"Yet it very quickly it grows into a monster that can bite a man in two."
"Exactly! That's why I've called you here, Gordianus-you have a nose for danger and a taste for finding the truth." She raised a finger. The gesture was so slight I barely noticed it, but an alert slave standing just outside the doorway hurried to her side.
"Bring Porsenna," said Calpurnia.
The slave departed without a sound. A few moments later, a gray-bearded man entered the room. He wore the yellow costume of an Etruscan haruspex. Over a bright tunic was a pleated cloak fixed at his shoulder with a large clasp of finely wrought bronze. The clasp was in the shape of a sheep's liver marked into numerous sections, with notations in the Etruscan alphabet etched into each section-a diviner's chart for locating omens amid the entrails. On his head the haruspex wore a high conical cap, held in place by a strap under his chin.

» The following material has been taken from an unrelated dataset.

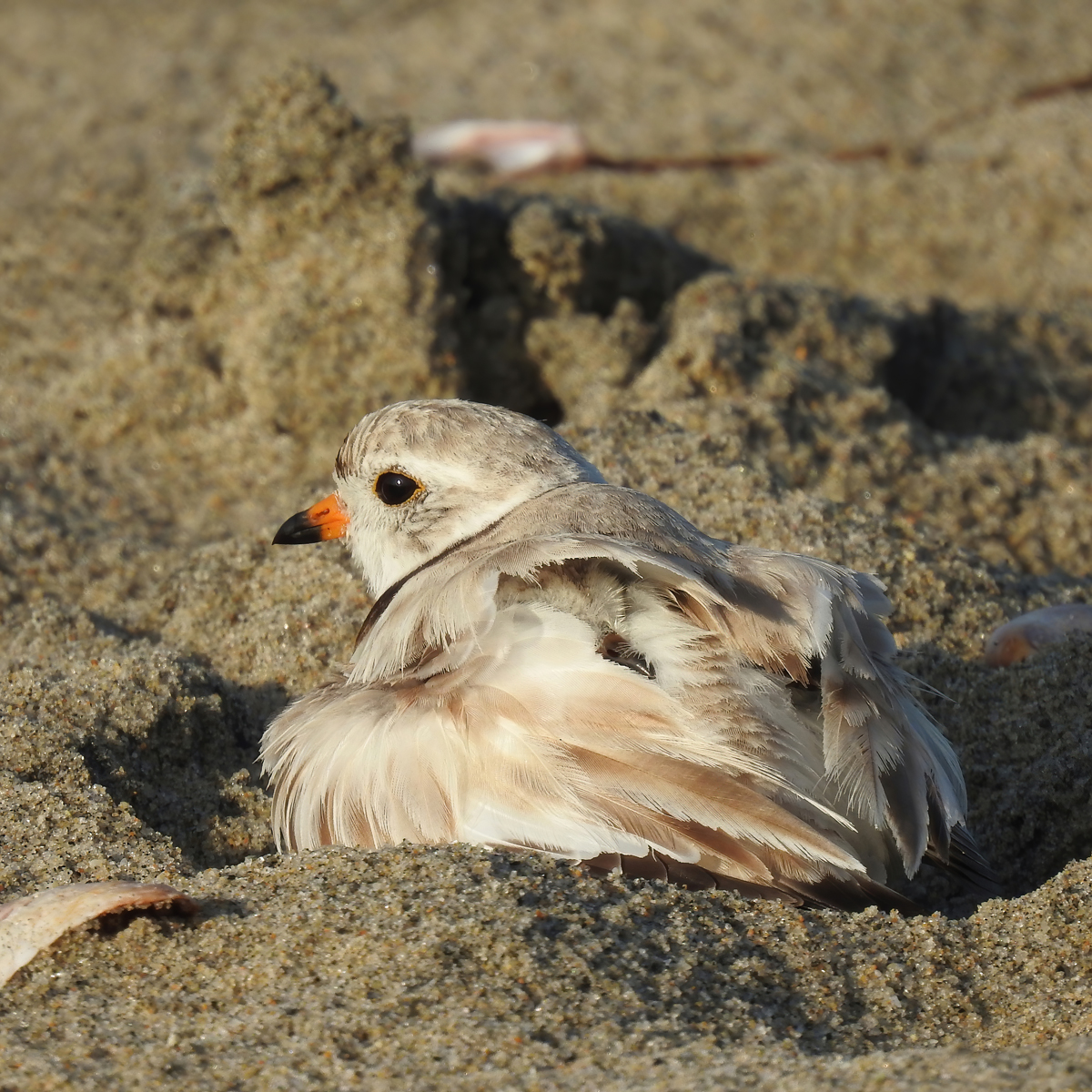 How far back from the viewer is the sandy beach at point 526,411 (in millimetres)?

Haruspicy was the Etruscan science of divination. From ancient days, Rome's neighbors to the north worshipped a child-god called Tages, who had snakes for legs. Long ago, Tages appeared to an Etruscan holy man in a freshly plowed field, rising from the dirt and bearing books filled with wisdom. From those books the science of haruspicy was born.
Even before Rome was founded, the Etruscans were examining the entrails of sacrificed animals to predict every aspect of the future, from the outcome of great battles to the next day's weather. They were also adept at interpreting dreams and at finding meaning in various phenomena. Lightning, freakish weather, strange objects fallen from the sky, and the birth of monstrously deformed animals were all attempts by the gods to communicate their will to mankind.